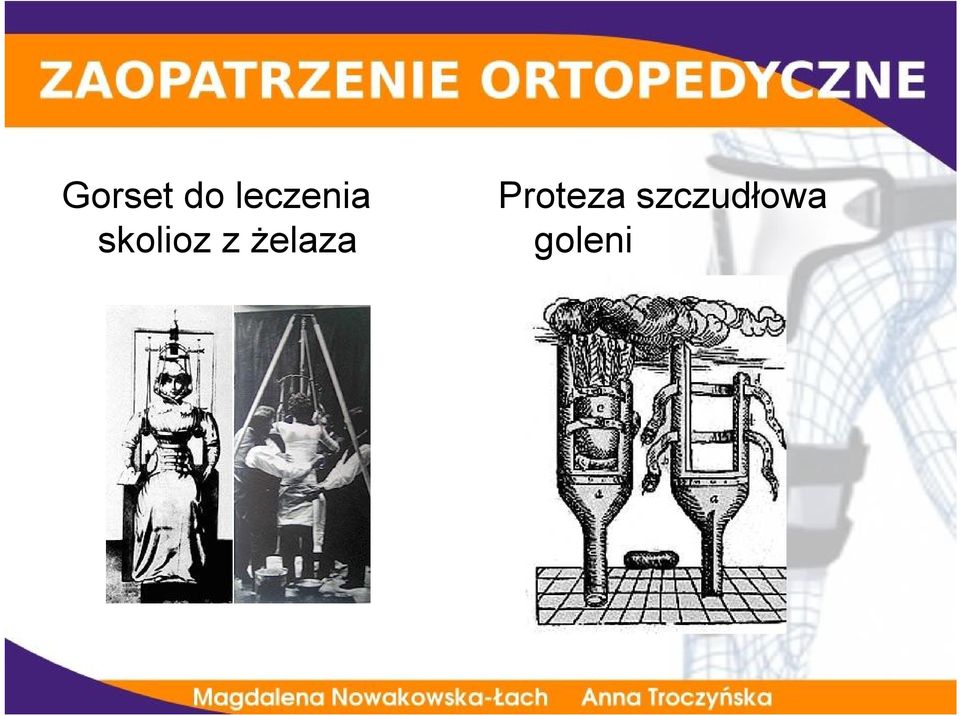 skolioz z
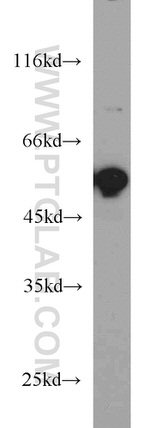 FAF2 Antibody in Western Blot (WB)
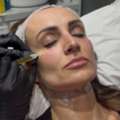 Best Platelet Rich Plasma Treatment In Kentish Town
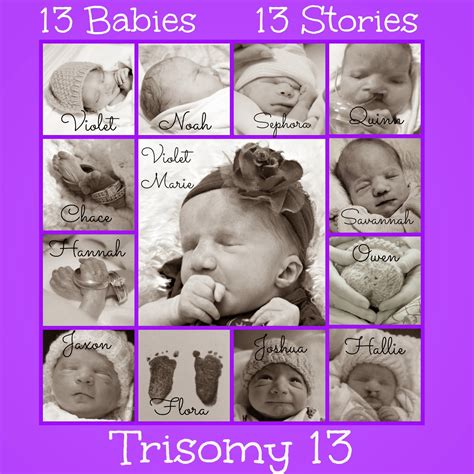 Trisomy 13: 13 Babies, 13 Stories | Still Playing School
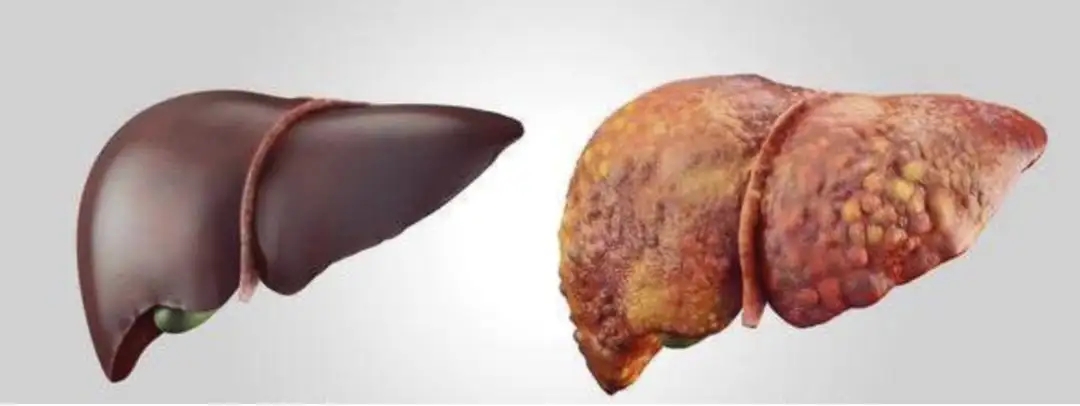 肝硬化|得了肝硬化,还能活多久?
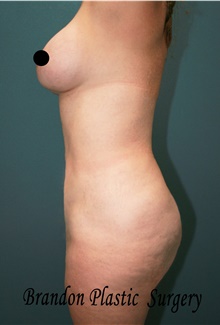 Liposuction After Photo by Marvin Shienbaum, MD; Brandon, FL - Case 45400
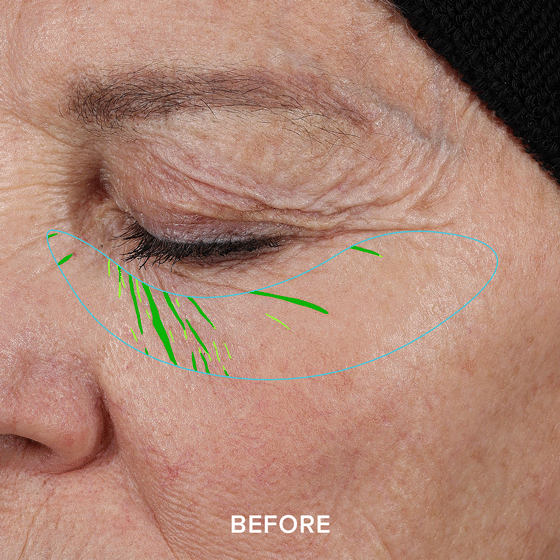 Close-up of a closed eye with a graphic overlay, labeled 'Before.'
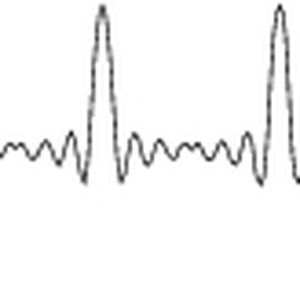 Bei dieser Signalabfolge aus Sinus, Sin(x)Ix und Pulsen wird je eine Periode dieser drei Funktionen in drei Speichersegmenten abgespeichert. Die Sequenz definiert, wie oft das jeweilige Segment ausgegeben werden soll und welches Segment als nächstes drankommt.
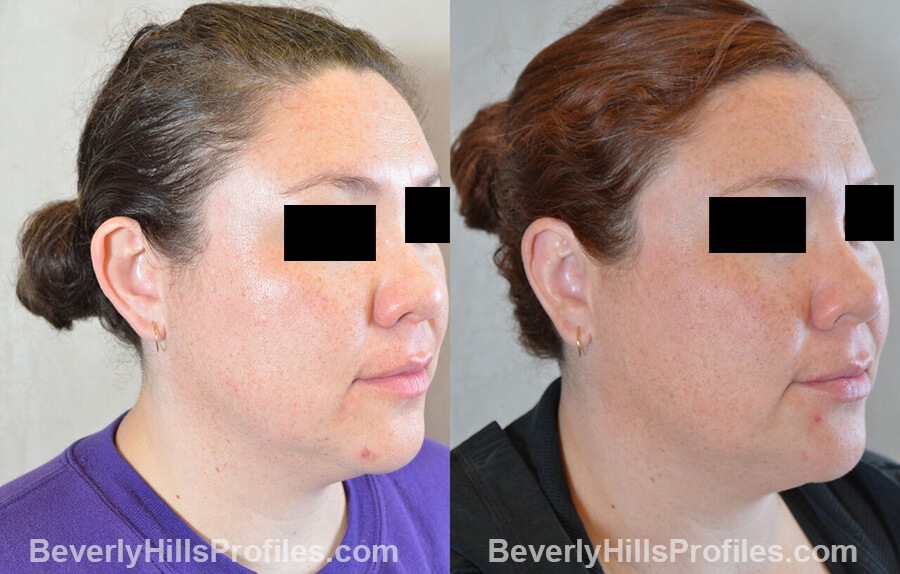 photos female patient before and after Otoplasty Procedures - oblique view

_ _ _

→ WHAT YOU ARE ASKED TO DO
Would you set down every line of the data above exactly, skipping the pictures?

→ RESPONSE BELOW
 skolioz z
 FAF2 Antibody in Western Blot (WB)
 Best Platelet Rich Plasma Treatment In Kentish Town
 Trisomy 13: 13 Babies, 13 Stories | Still Playing School
 肝硬化|得了肝硬化,还能活多久?
 Liposuction After Photo by Marvin Shienbaum, MD; Brandon, FL - Case 45400
 Close-up of a closed eye with a graphic overlay, labeled 'Before.'
 Bei dieser Signalabfolge aus Sinus, Sin(x)Ix und Pulsen wird je eine Periode dieser drei Funktionen in drei Speichersegmenten abgespeichert. Die Sequenz definiert, wie oft das jeweilige Segment ausgegeben werden soll und welches Segment als nächstes drankommt.
 photos female patient before and after Otoplasty Procedures - oblique view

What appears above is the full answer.